■ Exercise details:
Further down are entries; set down exactly and only the lines from the one with "Welcome back. In" up to and including the one with "Digital Cookie can", dropping each picture.

■ Data provided:
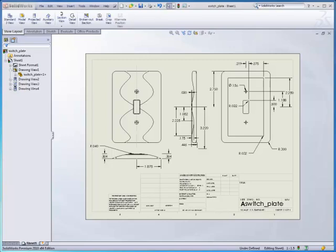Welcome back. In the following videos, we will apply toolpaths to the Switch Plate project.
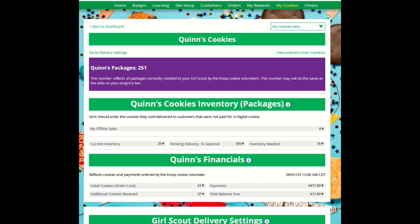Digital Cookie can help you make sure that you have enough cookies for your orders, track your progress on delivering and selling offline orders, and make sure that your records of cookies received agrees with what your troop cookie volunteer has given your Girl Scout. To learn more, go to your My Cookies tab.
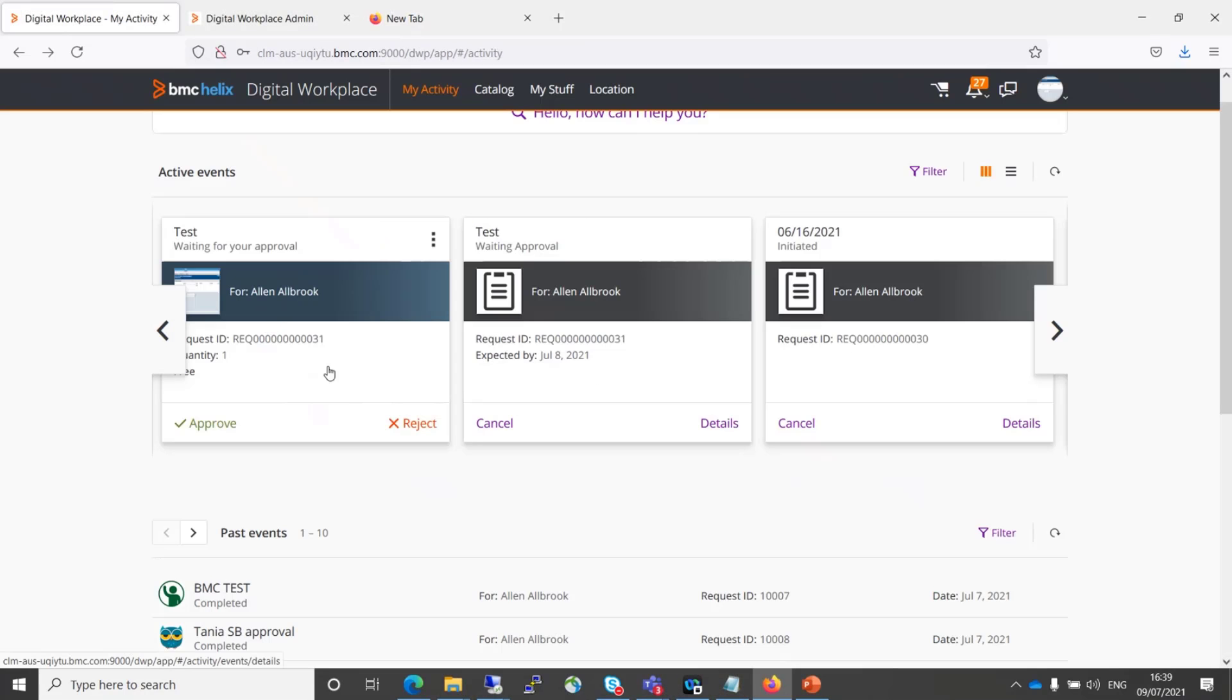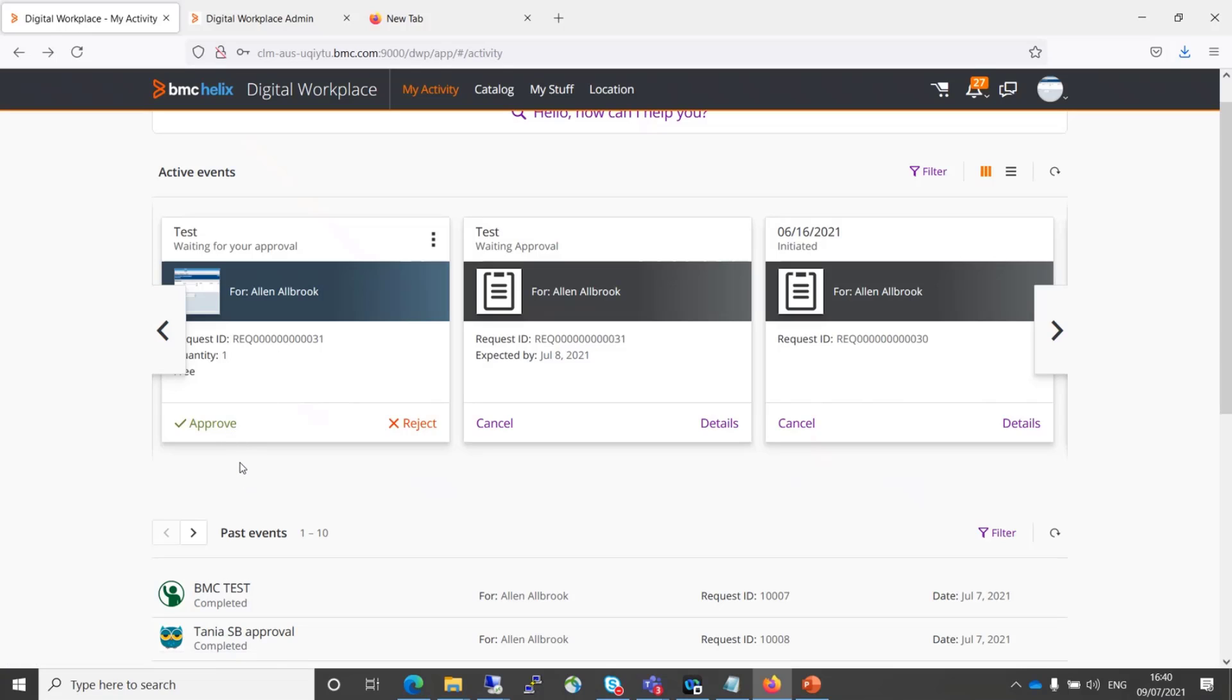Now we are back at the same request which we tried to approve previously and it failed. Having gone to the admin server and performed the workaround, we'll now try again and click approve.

---

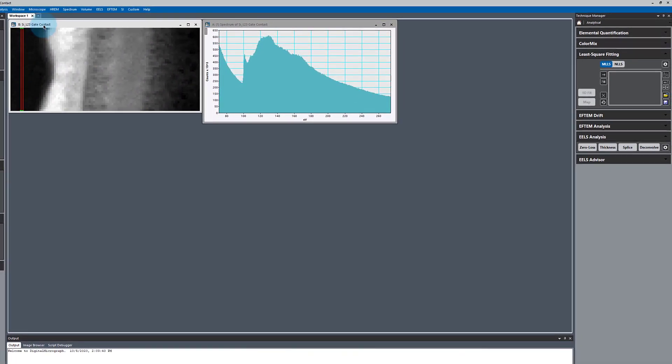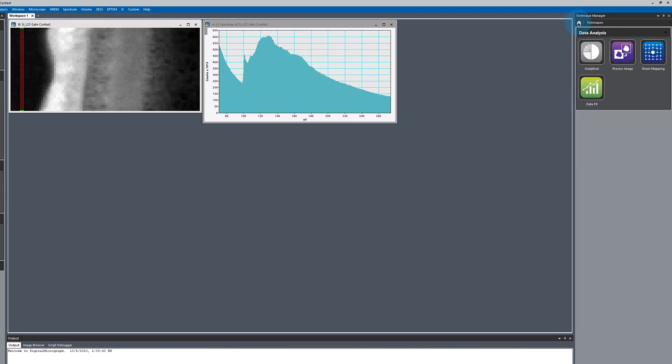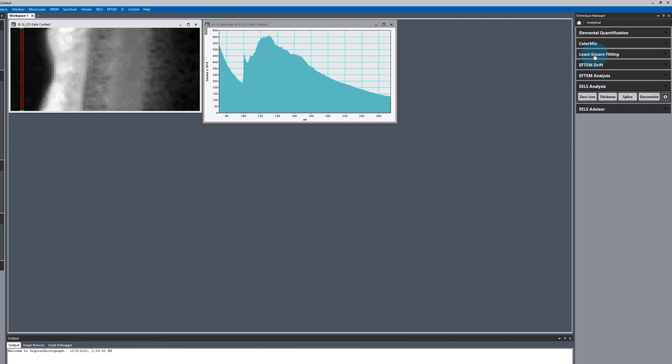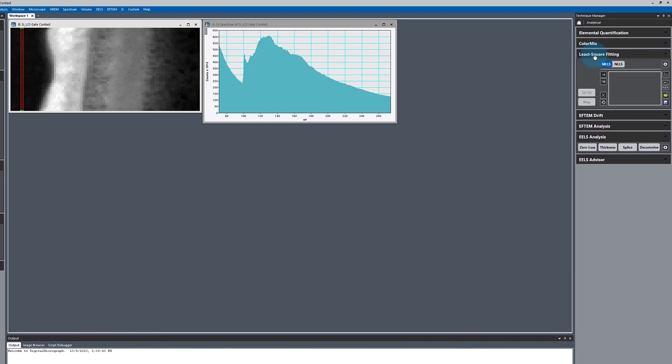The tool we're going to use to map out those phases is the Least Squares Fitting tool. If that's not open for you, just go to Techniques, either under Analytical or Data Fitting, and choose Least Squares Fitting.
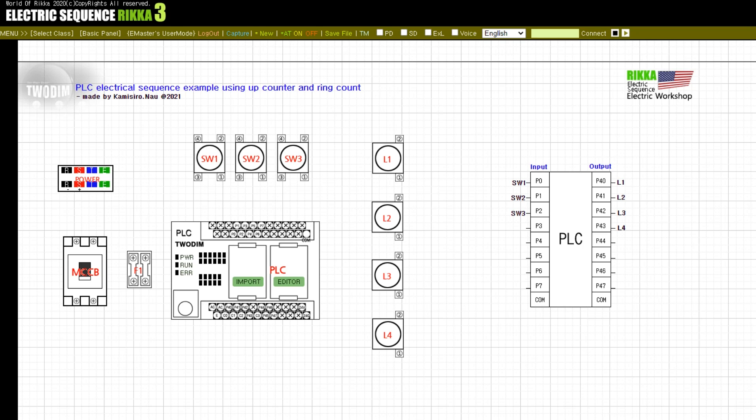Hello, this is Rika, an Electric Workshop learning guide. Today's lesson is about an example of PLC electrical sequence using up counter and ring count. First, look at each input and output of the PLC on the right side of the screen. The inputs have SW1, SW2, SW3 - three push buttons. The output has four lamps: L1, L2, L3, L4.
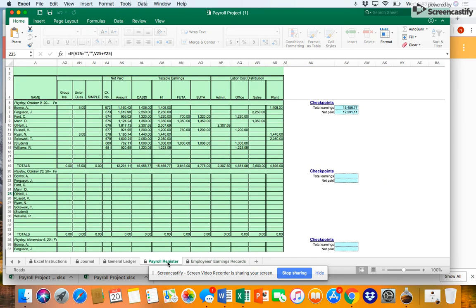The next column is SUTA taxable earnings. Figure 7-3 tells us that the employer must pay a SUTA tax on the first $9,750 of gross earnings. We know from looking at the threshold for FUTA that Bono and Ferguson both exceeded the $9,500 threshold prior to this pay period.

■ Final answer:
Welcome back. In the following videos, we will apply toolpaths to the Switch Plate project.
Digital Cookie can help you make sure that you have enough cookies for your orders, track your progress on delivering and selling offline orders, and make sure that your records of cookies received agrees with what your troop cookie volunteer has given your Girl Scout. To learn more, go to your My Cookies tab.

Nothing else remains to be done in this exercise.